Iterative/Dynamic Topological Sorting for Dummies

Question

I'm currently implementing a dynamic DAG graph in C++—it will be displayed through an UI to the user and insertion/removal of nodes/edges will be common operations.

The size of the graphs might potentially range from the really small scale to the large one—I'm aiming to support millions of nodes.

As such, I'm looking for an optimal data structure that won't take up too much space in memory but also for a way to have fast insertions/removals with a fast multi-threaded iteration over the topologically sorted nodes (so multiple nodes can be executed in parallel).

I haven't done any profiling to see if a naive approach of recomputing a topological sort of the full graph each time a modification is being done would cut it, but for the sake of learning, I thought I'd rather find a “smarter” way.

I've got no idea how to approach the multi-threaded iteration of the graph but for a start I've stumbled upon some papers related to the iterative/dynamic topological sorting step, and the problem is that they're a bit too smart for me to understand. It gets way into the theoretical/mathematical side and lacks concrete implementation examples that could help me to understand what's going on.

Here's an example of a such paper: A Labeling Approach to Incremental Cycle Detection.

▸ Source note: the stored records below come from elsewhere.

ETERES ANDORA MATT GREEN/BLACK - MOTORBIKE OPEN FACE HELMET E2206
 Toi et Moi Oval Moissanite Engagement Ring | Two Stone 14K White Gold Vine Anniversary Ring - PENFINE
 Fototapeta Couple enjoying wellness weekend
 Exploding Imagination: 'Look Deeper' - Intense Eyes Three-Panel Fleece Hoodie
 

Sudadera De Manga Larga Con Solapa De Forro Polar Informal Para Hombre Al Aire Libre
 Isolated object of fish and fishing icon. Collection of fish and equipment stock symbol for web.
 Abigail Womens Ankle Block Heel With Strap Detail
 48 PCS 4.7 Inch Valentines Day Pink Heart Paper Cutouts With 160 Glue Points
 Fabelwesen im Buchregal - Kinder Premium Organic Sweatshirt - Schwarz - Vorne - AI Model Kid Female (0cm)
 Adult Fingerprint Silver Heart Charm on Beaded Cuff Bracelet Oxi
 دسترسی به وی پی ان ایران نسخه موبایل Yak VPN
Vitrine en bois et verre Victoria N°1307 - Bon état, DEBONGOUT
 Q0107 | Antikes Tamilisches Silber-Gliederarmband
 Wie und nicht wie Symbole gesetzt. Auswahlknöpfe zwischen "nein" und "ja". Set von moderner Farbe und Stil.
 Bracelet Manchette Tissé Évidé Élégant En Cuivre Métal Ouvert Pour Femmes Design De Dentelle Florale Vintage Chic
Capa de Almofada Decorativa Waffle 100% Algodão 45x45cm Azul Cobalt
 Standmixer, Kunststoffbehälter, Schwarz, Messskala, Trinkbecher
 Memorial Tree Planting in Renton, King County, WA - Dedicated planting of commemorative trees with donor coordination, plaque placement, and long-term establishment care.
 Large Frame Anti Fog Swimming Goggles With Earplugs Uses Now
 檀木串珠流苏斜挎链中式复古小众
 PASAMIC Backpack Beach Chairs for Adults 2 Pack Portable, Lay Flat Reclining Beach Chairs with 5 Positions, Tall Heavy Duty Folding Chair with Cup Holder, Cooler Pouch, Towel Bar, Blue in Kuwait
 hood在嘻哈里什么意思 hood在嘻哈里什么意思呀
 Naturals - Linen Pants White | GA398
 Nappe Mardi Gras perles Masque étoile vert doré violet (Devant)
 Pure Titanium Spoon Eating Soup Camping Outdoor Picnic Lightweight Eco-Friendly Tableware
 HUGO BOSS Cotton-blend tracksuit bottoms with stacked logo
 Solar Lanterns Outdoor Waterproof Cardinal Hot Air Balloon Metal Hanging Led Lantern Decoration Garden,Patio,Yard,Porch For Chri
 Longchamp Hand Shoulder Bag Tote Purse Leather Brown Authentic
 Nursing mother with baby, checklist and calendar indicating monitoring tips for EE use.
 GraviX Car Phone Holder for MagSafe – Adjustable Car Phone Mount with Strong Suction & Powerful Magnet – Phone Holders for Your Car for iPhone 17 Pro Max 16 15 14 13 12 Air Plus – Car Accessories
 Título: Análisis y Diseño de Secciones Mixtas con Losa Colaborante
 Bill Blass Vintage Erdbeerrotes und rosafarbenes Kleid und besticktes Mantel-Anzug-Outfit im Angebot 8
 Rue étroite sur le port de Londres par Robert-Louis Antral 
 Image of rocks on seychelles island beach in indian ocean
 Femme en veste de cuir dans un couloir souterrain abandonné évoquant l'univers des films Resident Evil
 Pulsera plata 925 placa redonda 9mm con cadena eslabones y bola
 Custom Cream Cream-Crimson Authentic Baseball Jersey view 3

Since there's a lack of papers such as “Iterative/Dynamic Topological Sorting for Dummies”, does anyone have any hint on subject?

Answer 1

There is indeed work on dynamic toposort.

Pearce & Kelly http://homepages.ecs.vuw.ac.nz/~djp/dts.html have an algorithm that they claim is both simple and practically efficient. They also provide a C++ implementation. By way of introduction, they discuss even simpler variants.

Here is some of the later work on this problem, in chronological order. Later methods tend to be more complicated than earlier ones. Even if not, the later papers may assume that you have already read the earlier ones. You apparently started with the last paper on this list, which might have been jumping into the deep end.

• http://www.cs.princeton.edu/~sssix/papers/dto-icalp08.pdf
• http://dl.acm.org/citation.cfm?ID=1496890
• http://dl.acm.org/citation.cfm?ID=2071382
• http://arxiv.org/pdf/1310.8381.pdf (which you mention in your question)

Answer 2

The dynamic toposort algorithm (untested).

Start with a topologically sorted sequence of vertices.

1. If a vertex with no edges is added, insert it anywhere in the sequence.
2. If an edge or a vertex is removed, do nothing.
3. If a forward edge (from lower-sorted to higher-sorted vertex) is added, do nothing.
4. If a new backward edge A→B is added, move B directly after A. Mark outgoing edges of B as new. Repeat points 3 and 4 as necessary. (If several vertices can be moved, start with the lowest-sorted one; if a vertex to be moved has several new incoming edges, choose one from the highest-sorted vertex). If you encounter the same vertex twice in this process, report a cycle.

The algorithm by itself doesn't detect cycles, but you may limit cycle search to the subset of vertices that were moved.